Recurso. Representação. Doação para campanha eleitoral acima do limite legal. Pessoa jurídica. Resolução TSE n. 23.406/14. Eleições 2014. Inaplicabilidade das alterações introduzidas pela Lei n. 13.165/15, que revogaram o art. 81 da Lei n. 9.504/97, aos fatos ocorridos antes da sua vigência. Utilização dos dados fornecidos pela própria empresa doadora perante a Receita Federal para fins de cálculo do limite para a doação eleitoral. Ultrapassados os limites impostos pelo art. 81, § 1º, da Lei n. 9.504/97, que restringe a doação a dois por cento do faturamento bruto auferido pela pessoa jurídica no ano anterior à eleição, há incidência objetiva de sanção eleitoral. O documento particular, juntado com a finalidade de comprovar dividendos auferidos em participações em outras empresas, não se sobrepõe ao documento oficial emitido pela Receita Federal.
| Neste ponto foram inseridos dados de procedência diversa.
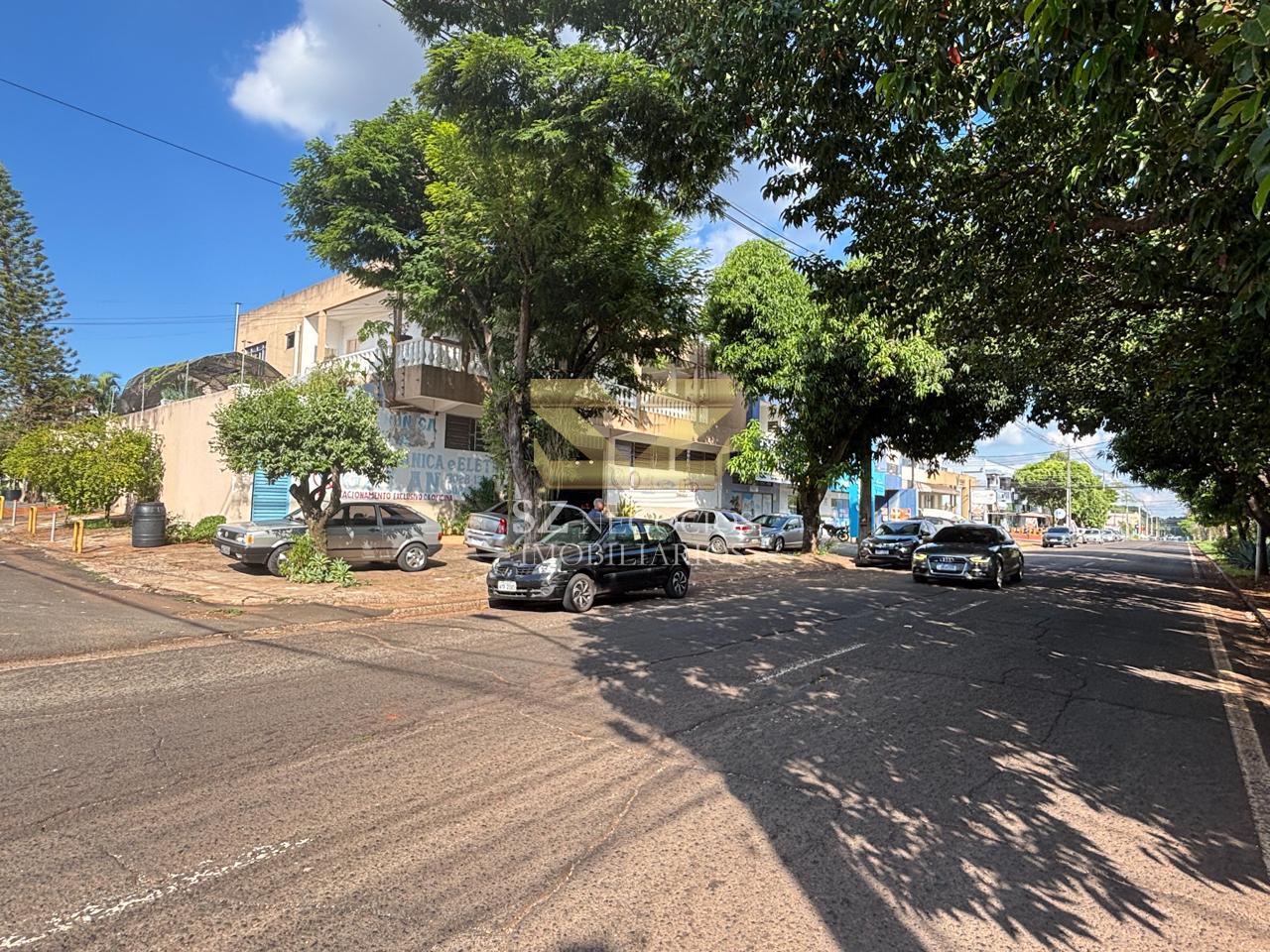 PRÉDIO COMERCIAL RESIDENCIAL E CASA À JARDIM LANCASTER - FOZ DO IGUAÇU - PR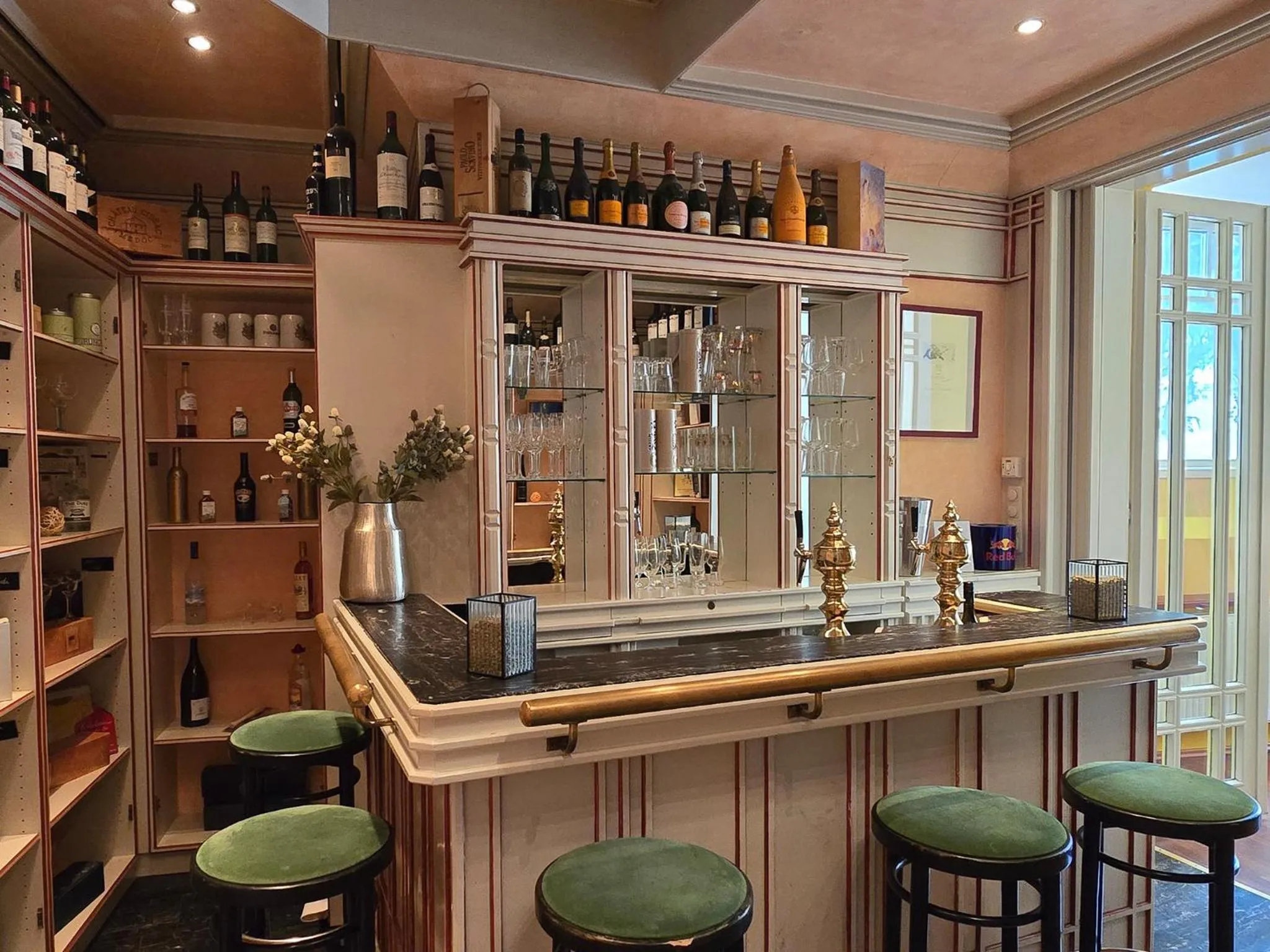 Lounge or bar in DORMERO Hotel Coburg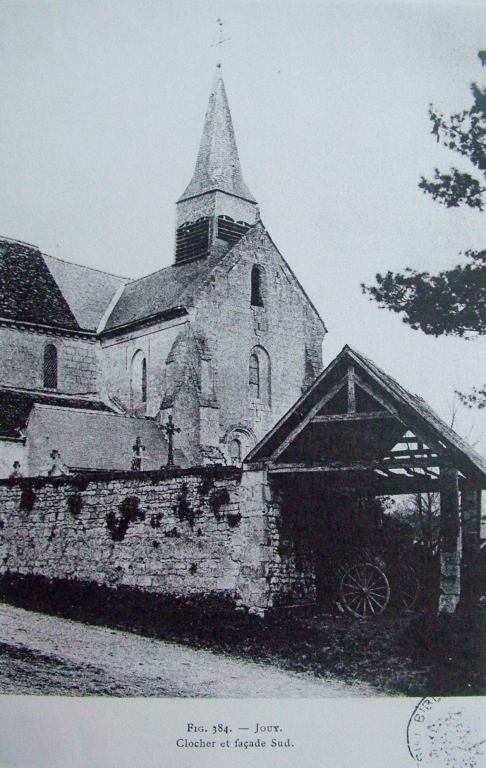 Vue ancienne de l'église de Jouy (Coll. Part.).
Aplicação de multa no patamar mínimo legal. Provimento.

(Recurso Eleitoral n. 3749, Acórdão de 10.3.2016, Relatora DRA. MARIA DE LOURDES GALVÃO BRACCINI DE GONZALEZ, Publicação: DEJERS – Diário de Justiça Eletrônico do TRE-RS, Tomo 44, Data 14.3.2016, Página 4.)(Grifei.)

Logo, identificada a ilicitude da doação, nada há o que reparar na sentença impugnada, que fixou multa de R$ 37.500,00 (trinta e sete mil e quinhentos reais), equivalente a cinco vezes o valor doado, e deixou de aplicar a proibição de participar de licitações públicas, haja vista o entendimento firmado de que essa penalidade não decorre automaticamente do ilícito, mas depende, para a sua incidência, da gravidade da situação e de um juízo de proporcionalidade a ser realizado sobre o caso.

Nos autos, não há evidência de má-fé por parte da representada. Ademais, o montante da doação não se mostra grave o suficiente para justificar tão elevada penalidade de proibição de participar de licitações e de contratar com o Poder Público, sendo a multa suficiente para sancionar o excesso da doação.

Assim, mostra-se adequada a decisão de primeiro grau, motivo pelo qual VOTO pelo desprovimento do recurso.

 

(Após votar o relator, negando provimento ao recurso, no que foi acompanhado pela Dra. Maria de Lourdes, pediu vista o Des. Carlos Marchionatti. Aguardam o voto-vista o Des. Paulo Afonso e o Dr. Jamil Bannura. Julgamento suspenso.)